Théo. – Vais-je devoir pratiquer la méditation, le nettoyage, la prière et le souvenir constant toute ma vie ?

– Tu commences à peine et tu veux déjà arrêter ? plaisante l’Ancien.

Théo. – J’aime la pratique et surtout ce qu’elle m’apporte d’unique, mais je me pose la question quant à la finalité de la pratique qui est de s’unir, de fusionner avec l’Ultime et de devenir Amour.

L’Ancien. – Tu n’auras plus besoin de ta pratique quand celle-ci sera permanente en toi, lorsque tu seras en état de prière permanente, de méditation permanente et qu’aucune complexité ne pourra impressionner tes corps subtils.

– Autant dire que je vais pratiquer toute ma vie ! s’exclame Théo.

L’Ancien. – Pratiquer c’est un peu comme se nourrir trois fois par jour, se doucher, dormir, etc. Ce que nous faisons est naturel. Nous fonctionnons dans l’équilibre et la modération. C’est la marque des saints.

Théo. – Je croyais que c’était être en permanence dans la Présence ?

L’ancien est très satisfait de son élève. Il vient de toucher quelque chose d’essentiel. Il garde le silence, encourageant ainsi son jeune ami à aller plus avant dans sa réflexion.

Théo. – Je vois, ton silence m’indique que je dois trouver la réponse en moi-même n’est-ce pas ?

Théophile le Jeune ferme alors les yeux pour se mettre en contact avec son maître intérieur. Il sent la douce transmission de l’Ancien qui l’accompagne subtilement. Tout d’un coup la réponse intuitive jaillit dans son esprit.

Il ouvre les yeux et dit :
– J’ai abordé la question sous le mauvais angle ou plutôt, ce n’était tout simplement pas la bonne question.

L’Ancien. – Ta question entraînait automatiquement ma réponse.

Théo. – Ma voix intérieure m’a dit que la pratique ne résout pas le problème de l’âme incarnée qui aspire à s’unir totalement au Divin.

– Poursuis ton approche, l’encourage l’Ancien.

Théo. – Le sommet de la pratique me permettra d’être dans la Présence en permanence, mais ce n’est qu’une étape. En fait, je dois devenir la Présence. Ce n’est plus l’Union, mais la Fusion.

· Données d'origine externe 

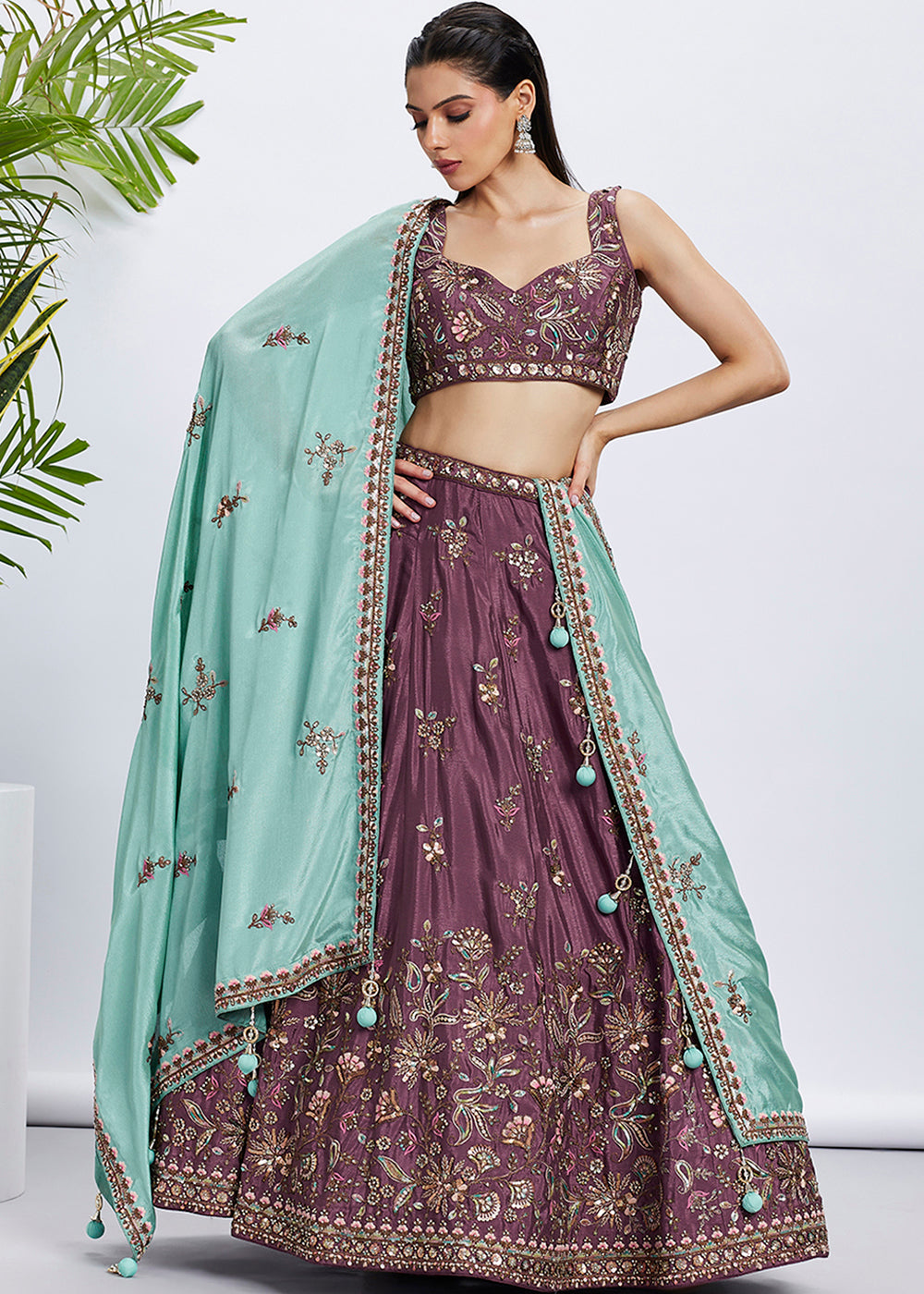 Bridal Lehenga Of chinon chiffon with Thread Sequince Embroidered Semi Stitched Lehenga Choli Collection bollywood party Wear for Women popular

Mais quand je « deviendrai » l’Ultime, il n’y aura plus de « je » pour le savoir ?

L’Ancien. – Quelle importance ? Poursuis ton approche en partant de la finalité de ta démarche spirituelle.

Le Jeune ferme à nouveau les yeux et se projette dans le futur, se visualisant comme ayant réalisé le But ultime. Il dit :
– Je suis semblable à Dieu. Ma condition est … « rien ». Ce Rien est Pureté, Simplicité. L’ego qui sert ma personne est subjugué par l’Amour. Mon être entier est porté par le souffle divin. Il agit en harmonie avec la volonté divine. Cette condition magnifique me comble. Comment y arriver au plus vite ?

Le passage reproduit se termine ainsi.